- Task requirements: Restate the following records word for word without images.

START Records

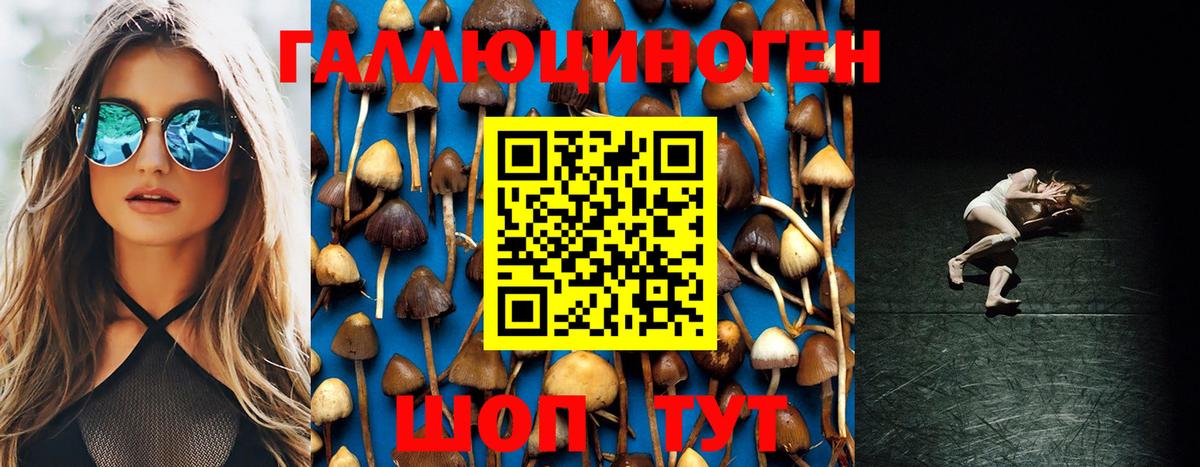 Галлюциногенные грибы Cubensis Владимир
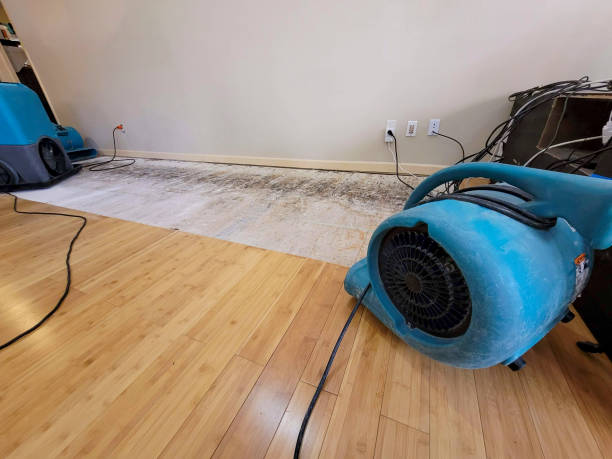 Professional Water Damage Repair technician working in Fairview, CA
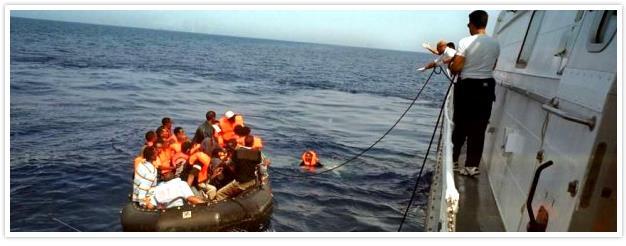 출처 = 유엔난민기구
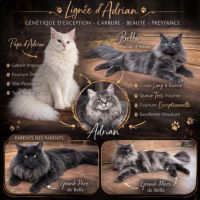 Maine coon loof black silver tabby – fils de champ #2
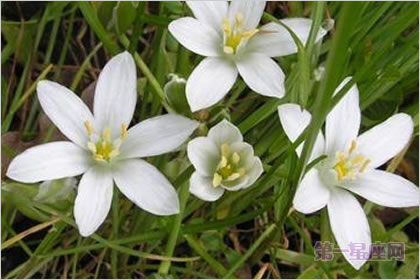 5月16日花语：大山慈菇，生日花语敏锐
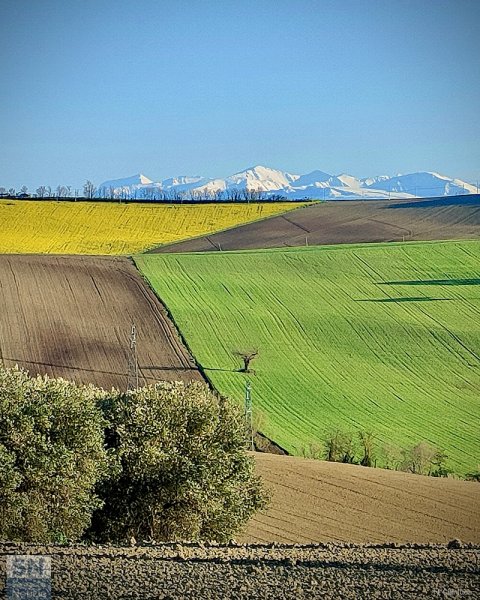 22/04/2022 - I Sibillini da Montignano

END Records

- Exercise response:
 Галлюциногенные грибы Cubensis Владимир
 Professional Water Damage Repair technician working in Fairview, CA
 출처 = 유엔난민기구
 Maine coon loof black silver tabby – fils de champ #2
 5月16日花语：大山慈菇，生日花语敏锐
 22/04/2022 - I Sibillini da Montignano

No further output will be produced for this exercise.